説明

車両懸架装置

【課題】 小型、軽量であり、ストロークを充分に確保でき、乗心地の良好な車両懸架装置を提供する。
【解決手段】 車両の車台を構成するフレームと走行用車輪を支持するアクスル管との間に介装された車両懸架装置において、フレームに固着され延長面が交差するように形成された1対の斜面部を有する上部ブラケットと、アクスル管に固着され延長面が交差するように形成された1対の斜面部を有する下部ブラケットとの間に、前記上部ブラケットおよび下部ブラケットに設けられた夫々の斜面部と対向する斜面部を有するセンターブラケットを、ゴム材料からなり柱状に形成された4個の緩衝部材を前記夫々対向する斜面部間に介装して固着する。

【発明の詳細な説明】
【0001】
【発明の属する技術分野】本発明は例えば自動車等の車両の車台を構成するフレームと走行用車輪を支持する車軸若しくはアクスル管との間に介装され、車両の重量を支持し、かつ車輪からの衝撃を緩和する車両懸架装置に関するものであり、特に中型若しくは大型のトラック用に好適である車両懸架装置に関するものである。
【0002】
【従来の技術】従来中型若しくは大型のトラック用の車両懸架装置としては、例えば図6に示すような板ばね式のものが多用されている。図6において、1はフレームであり、例えば長尺の溝形鋼によって形成され、車両の前方から後方に亘って複数個設けられ、車台を構成する。2,3は各々ブラケットであり、フレーム1の前方と後方とに設けられ、複数枚を積層して形成された板ばね4の両端を回動可能に支持する。4aはシャックルであり、板ばね4の撓みに起因する長さ寸法の変化を吸収するためのものである。

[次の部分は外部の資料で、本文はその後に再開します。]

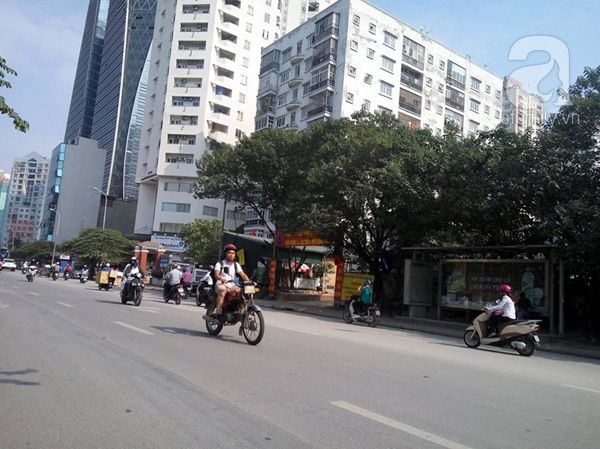 ha-noi-co-gai-tre-bi-2-ten-cuop-tao-ton-cuop-tui-xach-va-lam-rach-hong-bang-vat-sac-nhon-33-112809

【0003】次に5は補助用の板ばねであり、前記板ばね4の上部に一体に固着され、両端部がフレーム1に設けられた補助ブラケット6,7と選択的に当接可能に形成されている。8はアクスル管であり、前記板ばね4の下面にパッド9およびUボルト10を介して一体に固着されている。

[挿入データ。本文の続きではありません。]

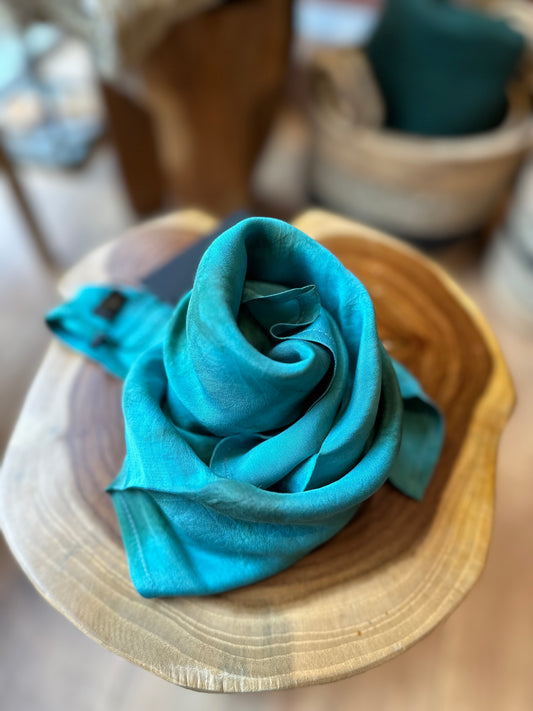 #22 Lille silketørklæde (65x65 cm.)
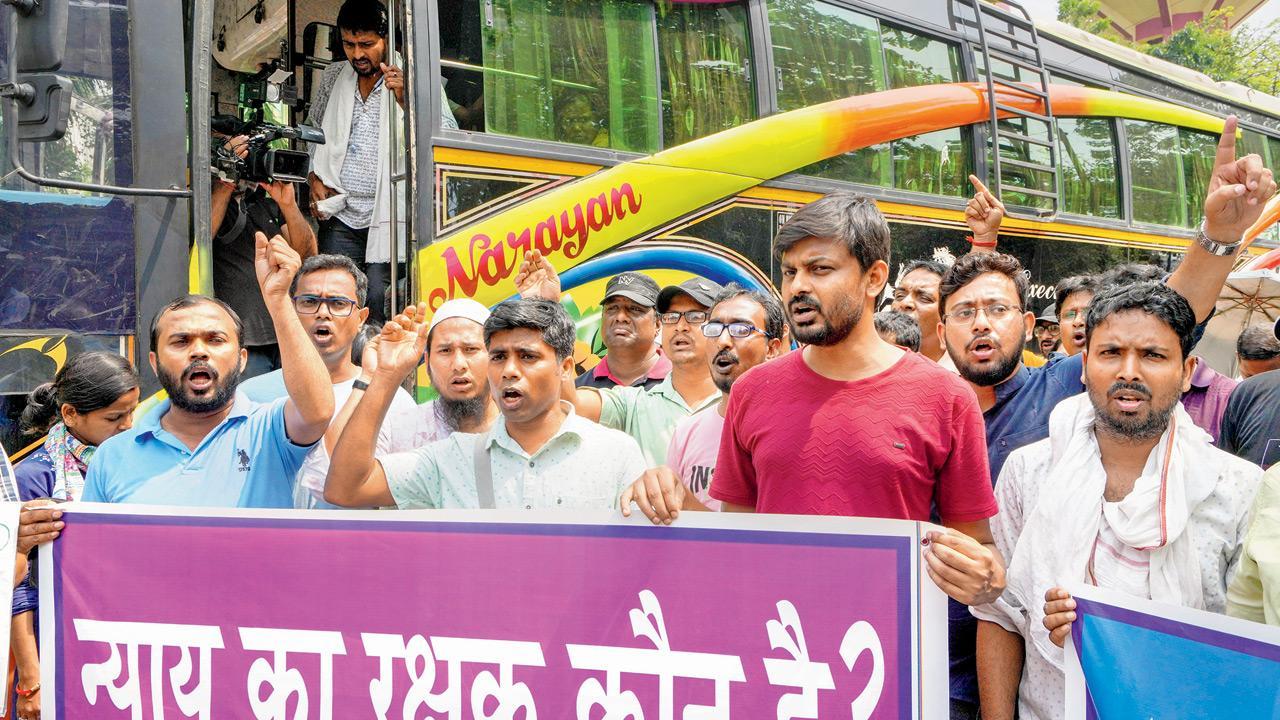 Jobless West Bengal teachers march to Delhi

【0004】上記の構成により、空車時および軽積載時においては、板ばね4は上面が凹湾曲し、板ばね5の両端部が補助ブラケット6,7から下方に離れた状態で車両の重量を支持すると共に、走行用車輪(図示せず)からアクスル管8を経て伝達される振動および衝撃を吸収する。そして積載重量が大なる場合には、板ばね5の両端部が補助ブラケット6,7に当接するから、板ばね4,5が協動して車両の重量の支持ならびに走行用車輪からの振動および衝撃の吸収を行うのである。
【0005】次に図7はラバー式の車両懸架装置の例を示す要部正面図であり、同一部分は前記図6と同一の参照符号で示す。図7において11は緩衝部材であり、例えばゴムパッドを鋼板上に成形し、複数枚を一体に組み合わせて柱状に形成し、圧縮、引張、せん断荷重を吸収し得るように構成されている。次に12はセンターブラケットであり、アクスル管8と固着可能に、かつその上部に前記緩衝部材11をV字形に固着可能に形成されている。そして緩衝部材11はフレーム1に設けられたブラケット13,14に固着される。

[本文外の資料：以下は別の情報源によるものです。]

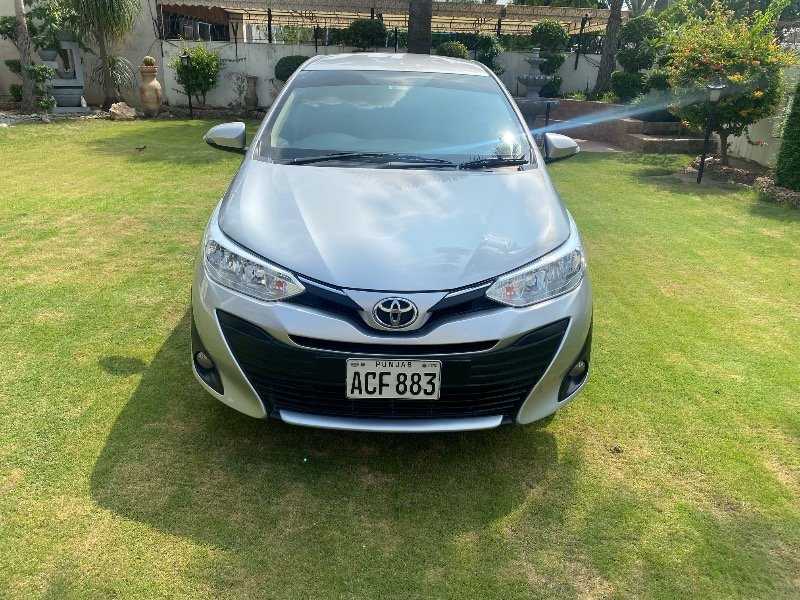 Toyota Yaris Sedan 2021 Silver Metallic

【0006】上記の構成により、車両の重量の支持ならびに走行用車輪(図示せず)からの振動および衝撃の吸収を行い得るのである。
【0007】
【発明が解決しようとする課題】しかしながら上記従来の車両懸架装置には、下記のような問題点がある。まず図6に示す板ばね式のものにおいては、帯鋼板を複数枚重ね合わせた構成であるため、板ばね4,5を構成する帯鋼板相互に板間摩擦があり、振動および衝撃の吸収作用が必ずしも円滑に行われないことがあると共に、雨水その他に起因する錆が発生するという問題点がある。またワインドアップおよびジャダーと称される非所望な現象が発生すると共に、装置全体の重量が大であるため、車両全体の軽量化が困難であるという問題点がある。更に板ばね4をブラケット2,3によって両端支持する構成であるため、装置全体の寸法が長大化する欠点もある。
【0008】一方近年の中型若しくは大型のトラックにおいては、長距離を連続走行するものが急増しているため、積載性能のみならず、乗用車と同様に運転者の乗心地を快適にするための性能向上が要求されている。このような要望に応えるためには、板ばね4,5の長さ寸法を大にする必要があるが、他の構成部材との干渉が発生するため、および装置全体の長大化を招来するため実現が困難な場合が多い。また板ばね式のものにおける荷重−撓み線図は直線性を有するため、前記乗心地の改善および緩衝作用に対しては必ずしも効果的ではないという問題点もある。
【0009】次に図7に示すラバー式のものにおいては、前記板ばね式のものにおける板間摩擦、ワインドアップおよびジャダーという問題点がなく、軽量化が可能であると共に、荷重−撓み線図が非線形であるため、乗心地の改善および緩衝作用についても良好であるという利点がある。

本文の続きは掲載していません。